# TASK MATERIAL

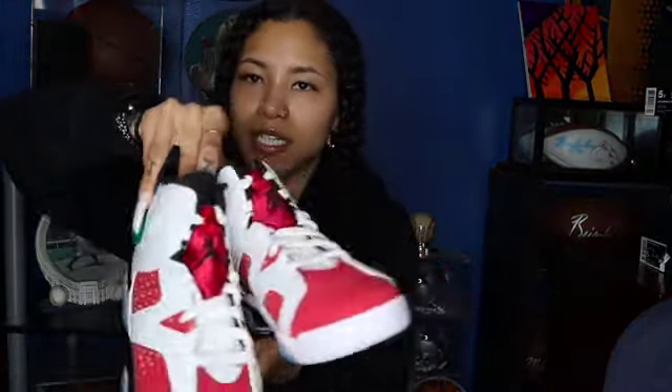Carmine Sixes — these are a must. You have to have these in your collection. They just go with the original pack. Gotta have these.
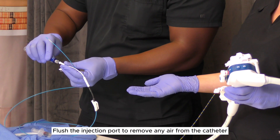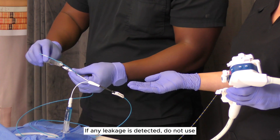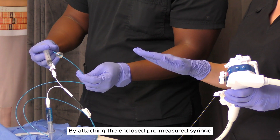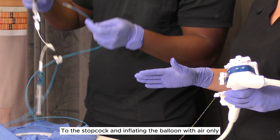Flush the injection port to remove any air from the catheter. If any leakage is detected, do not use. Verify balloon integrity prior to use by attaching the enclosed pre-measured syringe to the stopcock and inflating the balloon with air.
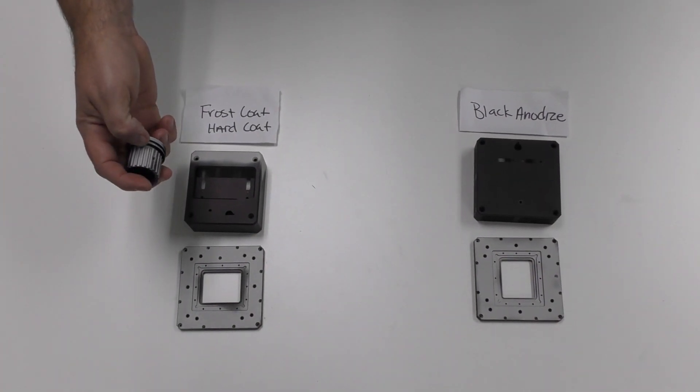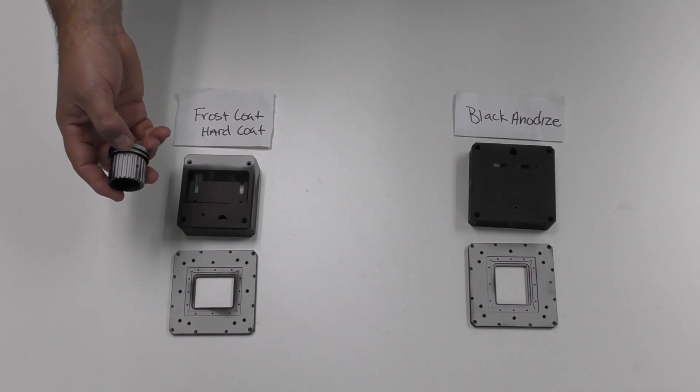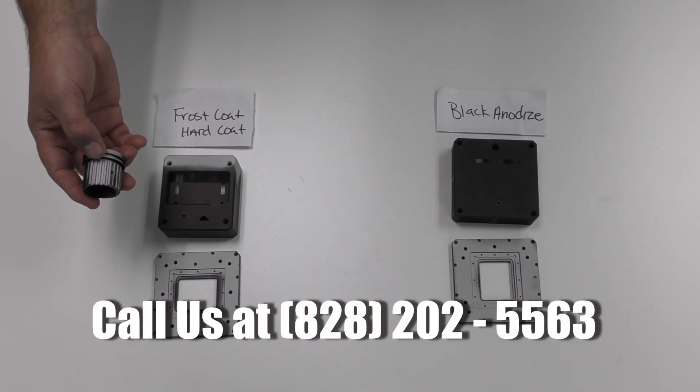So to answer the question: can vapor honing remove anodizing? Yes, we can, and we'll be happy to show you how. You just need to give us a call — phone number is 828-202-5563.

--

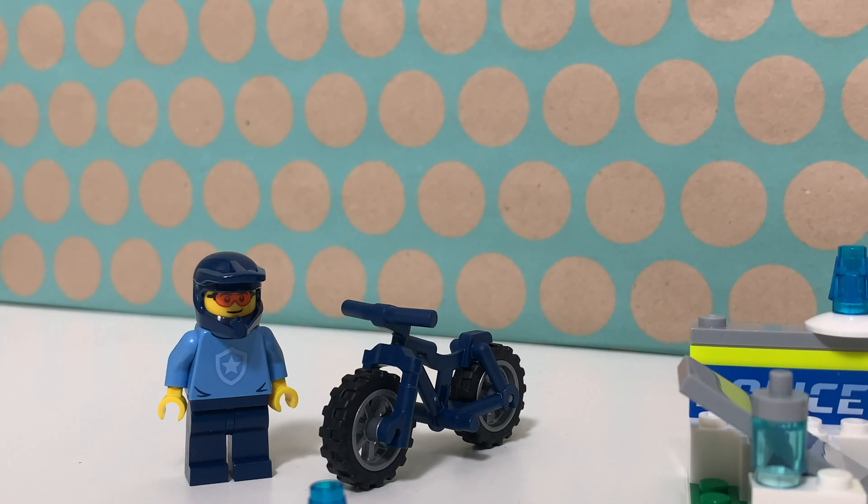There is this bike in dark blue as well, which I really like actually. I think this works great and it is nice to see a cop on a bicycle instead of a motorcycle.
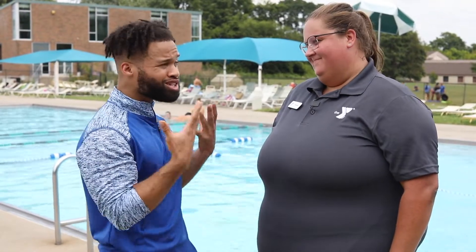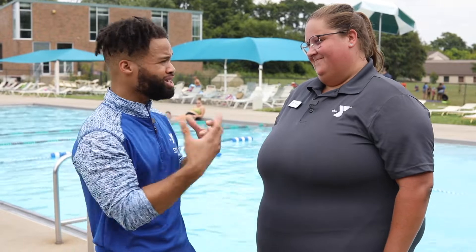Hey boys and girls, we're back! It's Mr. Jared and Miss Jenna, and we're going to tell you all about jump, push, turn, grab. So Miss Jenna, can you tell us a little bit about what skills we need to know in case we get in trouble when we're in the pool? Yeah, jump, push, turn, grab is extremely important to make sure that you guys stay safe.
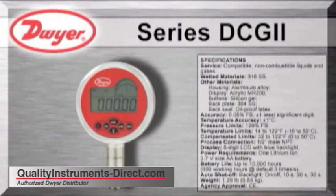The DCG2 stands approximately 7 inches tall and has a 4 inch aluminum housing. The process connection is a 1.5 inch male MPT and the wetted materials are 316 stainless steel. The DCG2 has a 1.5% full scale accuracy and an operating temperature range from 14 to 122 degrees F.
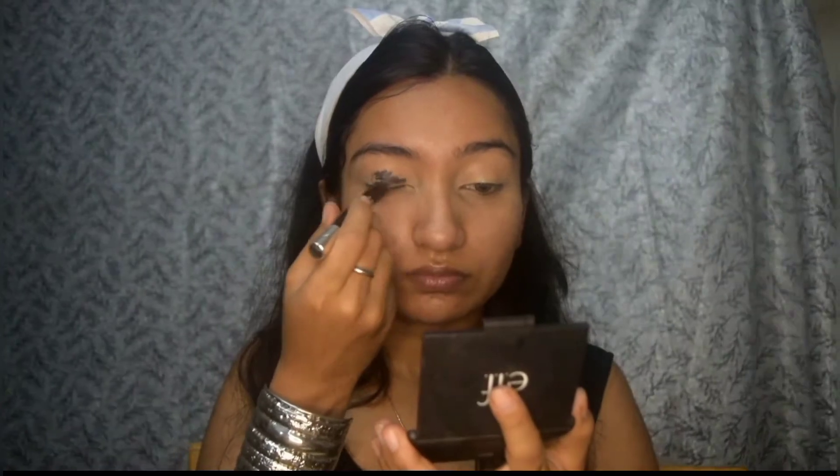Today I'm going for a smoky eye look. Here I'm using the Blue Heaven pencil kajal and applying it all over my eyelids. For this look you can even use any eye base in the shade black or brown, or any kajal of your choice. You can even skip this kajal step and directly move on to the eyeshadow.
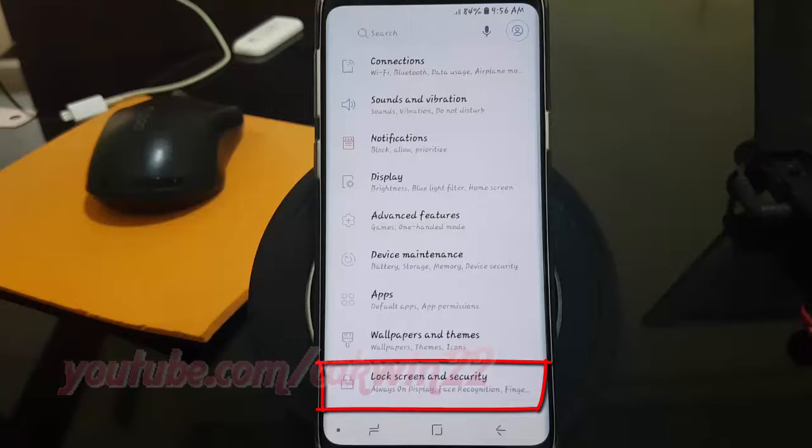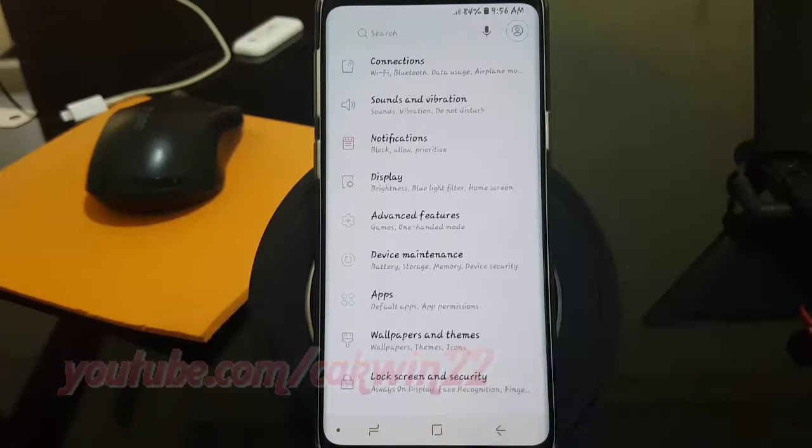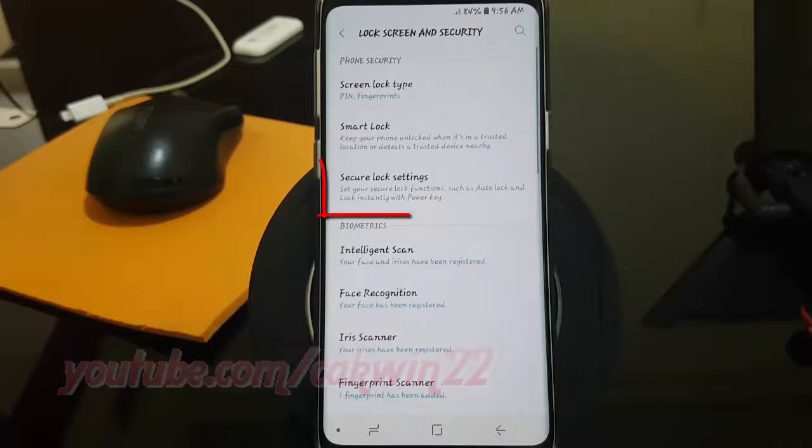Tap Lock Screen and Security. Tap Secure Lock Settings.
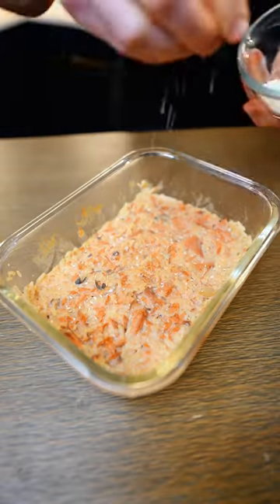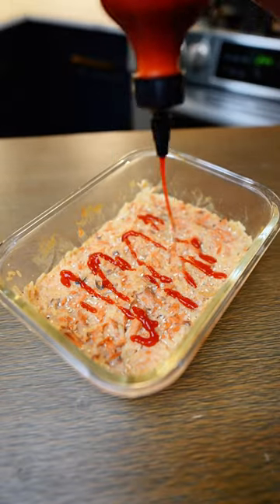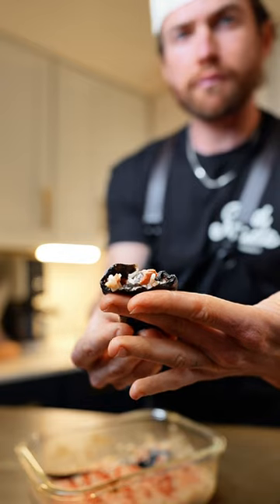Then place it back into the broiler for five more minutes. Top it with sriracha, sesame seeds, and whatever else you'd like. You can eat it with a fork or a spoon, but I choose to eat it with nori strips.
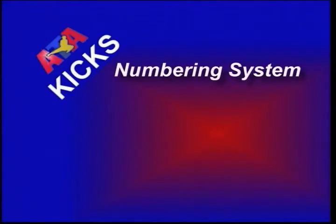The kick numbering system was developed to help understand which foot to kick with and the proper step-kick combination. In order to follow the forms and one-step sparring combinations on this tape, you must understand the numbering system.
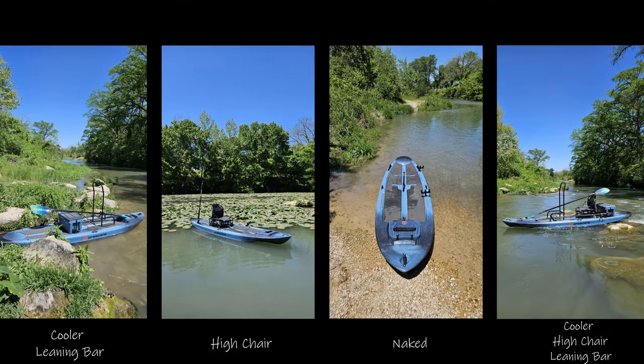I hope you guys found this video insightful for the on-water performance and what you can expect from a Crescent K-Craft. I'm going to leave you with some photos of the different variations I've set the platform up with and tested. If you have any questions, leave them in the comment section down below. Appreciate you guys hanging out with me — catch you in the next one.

==

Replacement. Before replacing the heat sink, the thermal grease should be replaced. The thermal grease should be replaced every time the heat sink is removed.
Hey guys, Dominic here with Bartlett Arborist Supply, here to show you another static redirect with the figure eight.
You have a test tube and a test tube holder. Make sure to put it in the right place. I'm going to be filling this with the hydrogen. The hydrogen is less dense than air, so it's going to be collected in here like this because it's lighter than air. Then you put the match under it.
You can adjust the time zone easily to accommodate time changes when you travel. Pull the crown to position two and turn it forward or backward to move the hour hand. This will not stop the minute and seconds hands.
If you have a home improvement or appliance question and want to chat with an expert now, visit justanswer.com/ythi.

# WHAT YOU NEED TO DO
Copy out exactly the material that runs from the line with "Tap Lock Screen" to the line with "Then place it", ends included, and leave the pictures behind.

# WRITTEN REPLY
Tap Lock Screen and Security. Tap Secure Lock Settings.
Then place it back into the broiler for five more minutes. Top it with sriracha, sesame seeds, and whatever else you'd like. You can eat it with a fork or a spoon, but I choose to eat it with nori strips.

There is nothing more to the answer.